• Work order: Extract verbatim every line from the one containing "Szaro-brązowa bambusowa szafka" to the final line of the records below, inclusive, and exclude all pictures.

• Crawled caption data:
▼▼▼
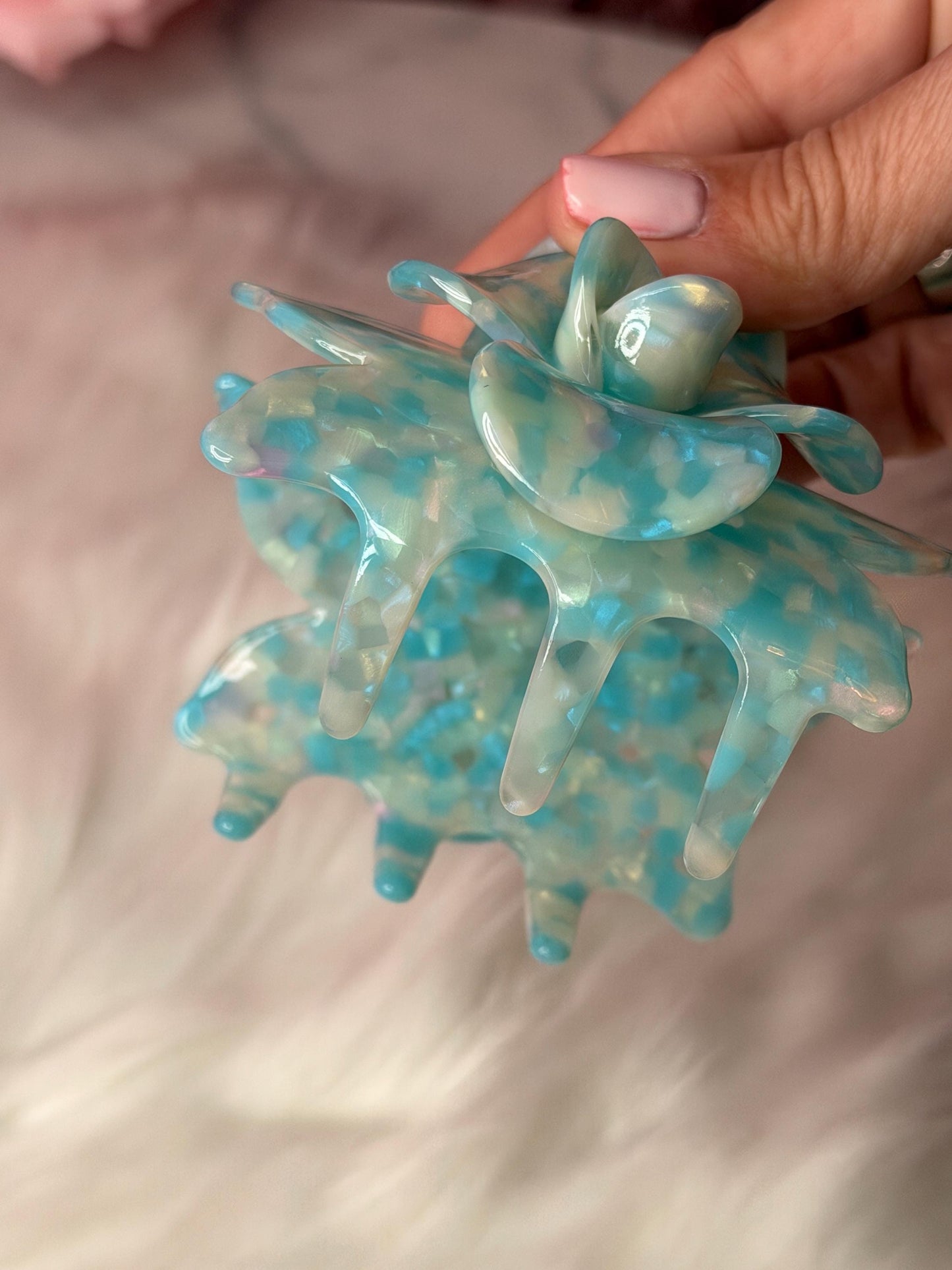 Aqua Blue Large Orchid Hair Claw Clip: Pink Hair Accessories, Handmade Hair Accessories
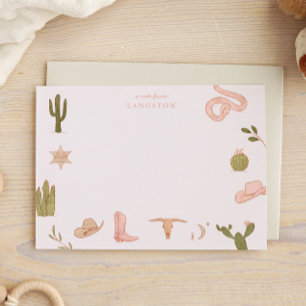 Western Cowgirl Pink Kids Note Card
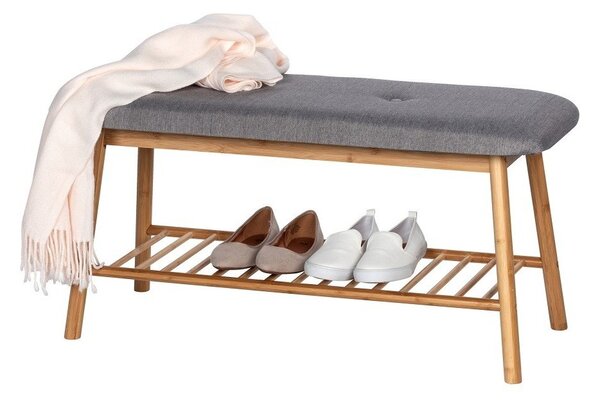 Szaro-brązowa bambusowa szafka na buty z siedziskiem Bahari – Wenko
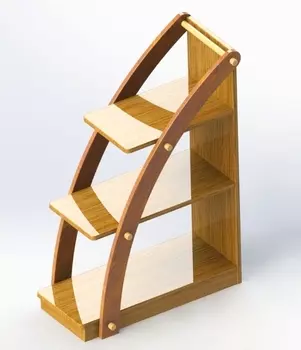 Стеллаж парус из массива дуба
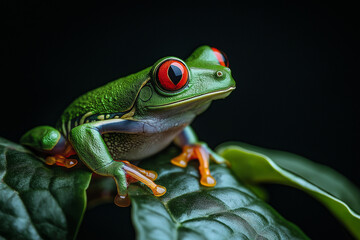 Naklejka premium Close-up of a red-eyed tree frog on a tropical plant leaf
▲▲▲
• Task response:
 Szaro-brązowa bambusowa szafka na buty z siedziskiem Bahari – Wenko
 Стеллаж парус из массива дуба
 Naklejka premium Close-up of a red-eyed tree frog on a tropical plant leaf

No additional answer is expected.